Welcome to the web-site for
Bioinformatics II, Spring 2006
Lectures: Tue, Thur 2.30-3.45pm, 365 Willard (location subject to change)
Instructors:
Francesca Chiaromonte,
Statistics, chiaro@stat.psu.edu , 505
Wartik, ph 5-7075.
Naomi Altman, Statistics,
naomi@stat.psu.edu , 312 Thomas, ph 5-3791.
Office Hours:
F. Chiaromonte, Wed 1.30-3.30pm (or by appointment)
N. Altman, Wed 1.30-3.30pm
(2.30-3.30 reserved for Bioinformatics II students), Fri 3.00-4.00pm.
ANNOUNCEMENTS
Class on Tue Mar 14: F. Chiaromonte will reach University Park airport at 2.00pm, and hopefully make it to class at 2.30pm. BUT THERE COULD BE DELAYS.
Class on Tue Mar 28: this class is cancelled (F. Chiaromonte at ENAR conference)
Final projects: each group should be in touch with F. Chiaromonte and N. Altman to set up final projects. We should plan on having a good hold on them by Tue Apr 11.
PRESENTATIONS for the final projects on Apr 25 and 27 will be held during regular class time, but in Wartik 501 (central room of the 5th floor) instead of our usual Willard location.
Link to notes and materials for Naomi Altman's lectures.
LECTURES and ASSIGNMENTS
More on preprocessing MA data: Missing value imputation, other preliminary transformations, filtering.

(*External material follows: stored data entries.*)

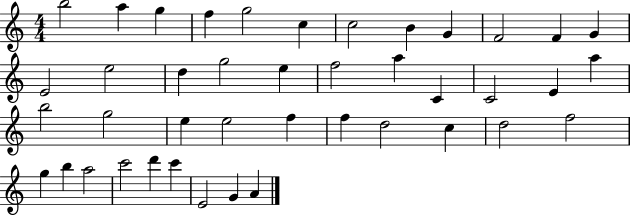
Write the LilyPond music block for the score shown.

{
  \clef treble
  \numericTimeSignature
  \time 4/4
  \key c \major
  b''2 a''4 g''4 | f''4 g''2 c''4 | c''2 b'4 g'4 | f'2 f'4 g'4 | \break e'2 e''2 | d''4 g''2 e''4 | f''2 a''4 c'4 | c'2 e'4 a''4 | \break b''2 g''2 | e''4 e''2 f''4 | f''4 d''2 c''4 | d''2 f''2 | \break g''4 b''4 a''2 | c'''2 d'''4 c'''4 | e'2 g'4 a'4 | \bar "|."
} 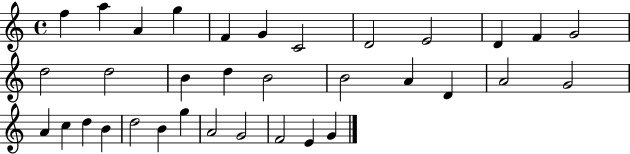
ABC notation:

X:1
T:Untitled
M:4/4
L:1/4
K:C
f a A g F G C2 D2 E2 D F G2 d2 d2 B d B2 B2 A D A2 G2 A c d B d2 B g A2 G2 F2 E G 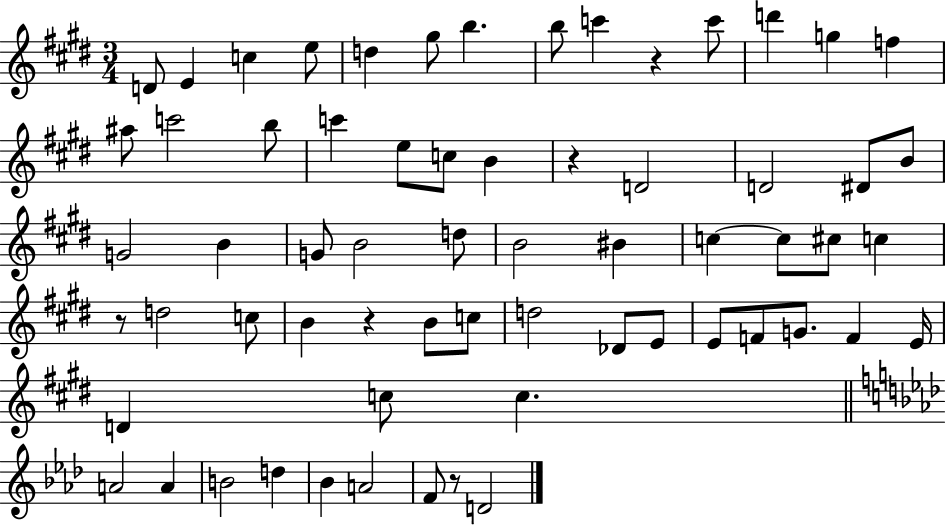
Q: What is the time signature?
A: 3/4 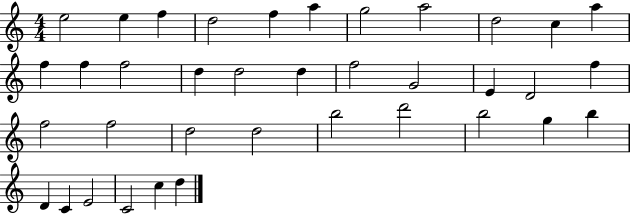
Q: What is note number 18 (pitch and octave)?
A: F5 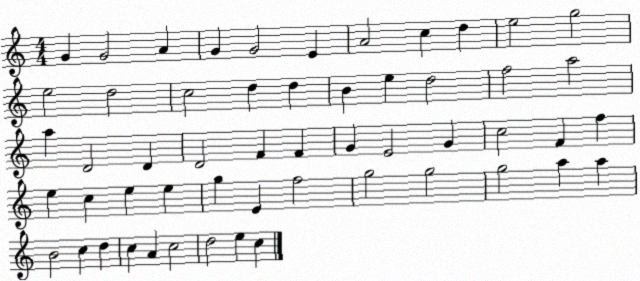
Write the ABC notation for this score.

X:1
T:Untitled
M:4/4
L:1/4
K:C
G G2 A G G2 E A2 c d e2 g2 e2 d2 c2 d d B e d2 f2 a2 a D2 D D2 F F G E2 G c2 F f e c e e g E f2 g2 g2 g2 a a B2 c d c A c2 d2 e c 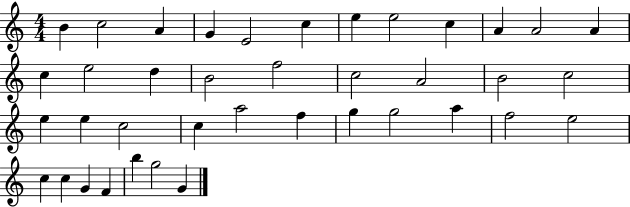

Reading assignment: a paper that gives a good instance of how people think about missing value imputation for microarray data is Troyanskaya, O., Cantor, M., Sherlock, G., Brown, P., Hastie, T., Tibshirani, R., Botstein, D., and Altman, R. B. (2001), Missing value estimation methods for DNA microarrays, Bioinformatics 17(6):520-525. Consider the procedure proposed to evaluate various imputation methods in this paper, and refer to the concepts of missing completely at random, at random, not at random (as introduced in the lecture). Do you see any problems with the proposed evaluation procedure?
Basic patterns in data and (unsupervised) dimension reduction: Principal Components Analysis.
More details on principal components can be found in Multivariate Analysis text books (see list below).
Reading assignment: two papers introducing these techniques to the analysis of MA data are: N.S. Holter, M. Mitra, A. Maritan, M. Cieplak, J.R. Banavar, and N.V. Fedoroff (2000), Fundamental patterns underlying gene expression profiles: Simplicity from complexity, PNAS 97: 8409-8414; O. Alter, P.O. Brown, and D. Botstein (2000), Singular value decomposition for genome-wide expression data processing and modeling, PNAS 97: 10101-10106.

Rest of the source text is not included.